**ACTION ITEM:** Write out, with no changes, every line starting at the one that contains "Continuing the PS4" and ending at the last line of the data below. Leave pictures out.

**EXTRACTED RECORDS:**
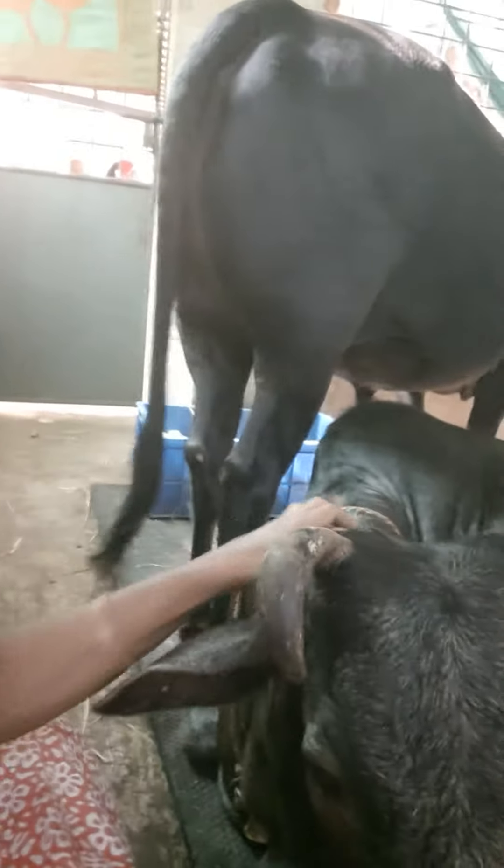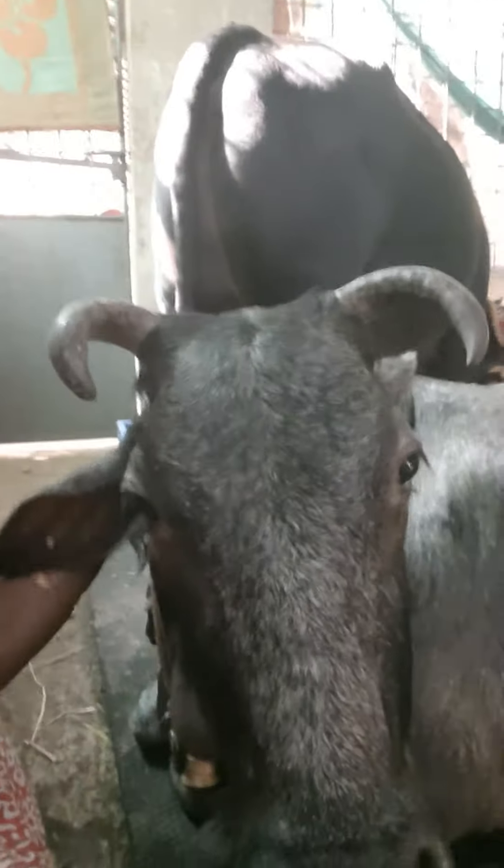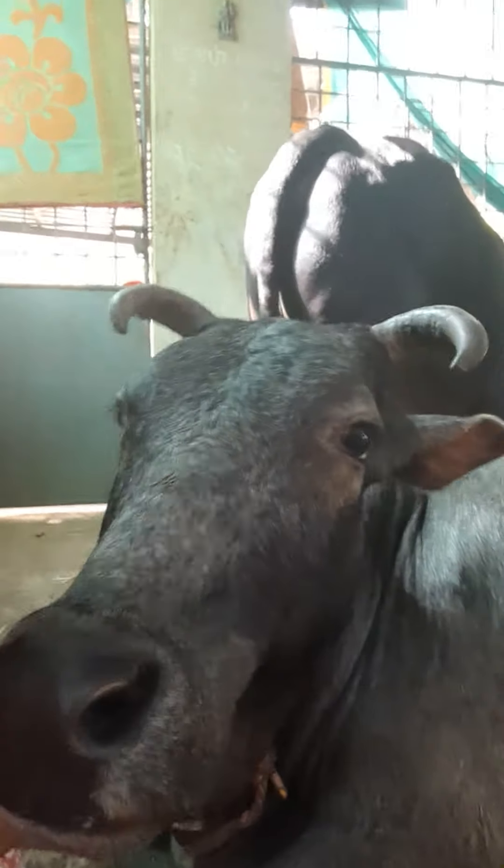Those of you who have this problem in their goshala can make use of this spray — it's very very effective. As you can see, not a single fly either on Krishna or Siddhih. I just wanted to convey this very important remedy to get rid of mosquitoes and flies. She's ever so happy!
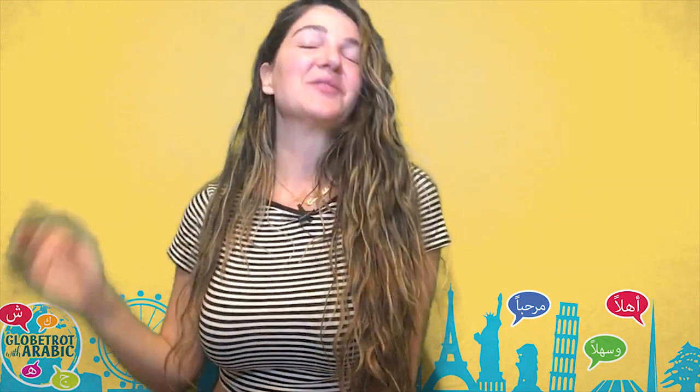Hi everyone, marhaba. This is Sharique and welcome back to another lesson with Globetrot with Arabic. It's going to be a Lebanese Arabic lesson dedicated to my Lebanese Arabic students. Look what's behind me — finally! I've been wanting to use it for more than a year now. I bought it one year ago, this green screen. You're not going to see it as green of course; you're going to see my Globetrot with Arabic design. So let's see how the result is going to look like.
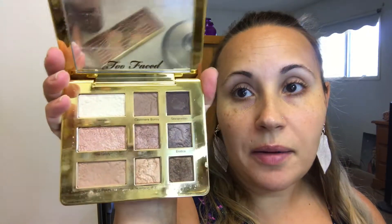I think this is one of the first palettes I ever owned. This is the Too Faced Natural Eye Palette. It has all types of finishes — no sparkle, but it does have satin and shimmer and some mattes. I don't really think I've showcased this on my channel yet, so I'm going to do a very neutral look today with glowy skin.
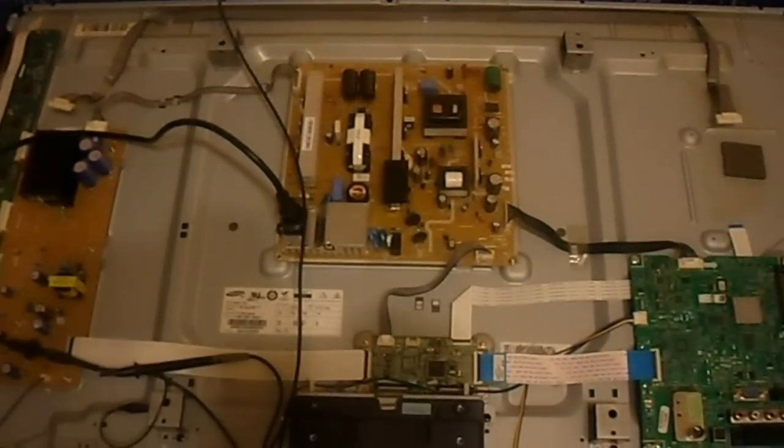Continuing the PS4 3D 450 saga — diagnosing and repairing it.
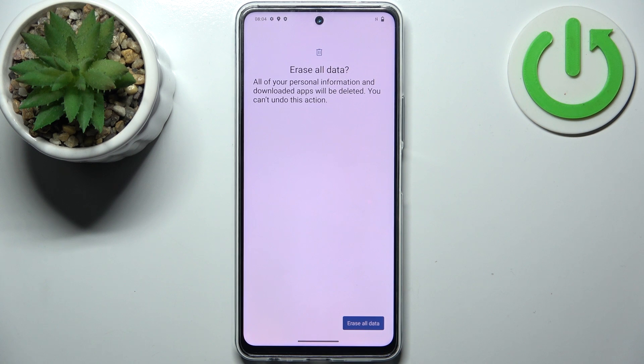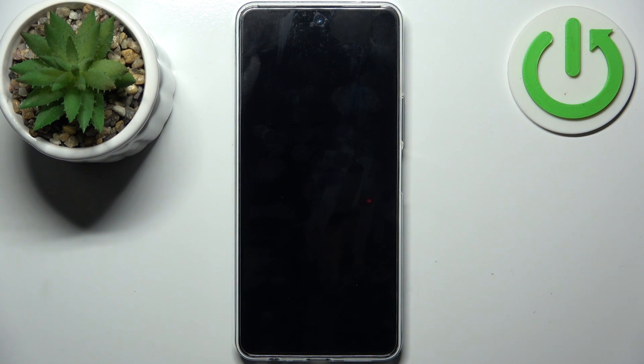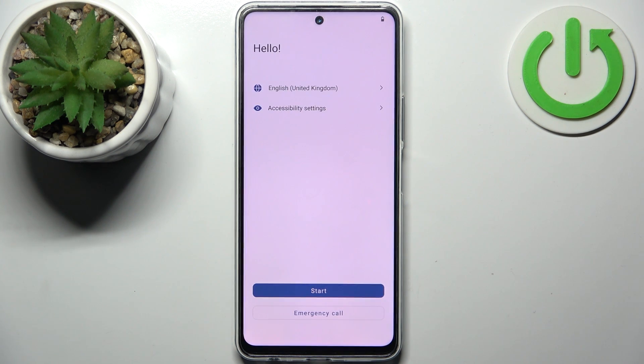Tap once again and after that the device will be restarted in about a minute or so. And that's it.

**OUTPUT OF THE EXERCISE:**
Continuing the PS4 3D 450 saga — diagnosing and repairing it.
Tap once again and after that the device will be restarted in about a minute or so. And that's it.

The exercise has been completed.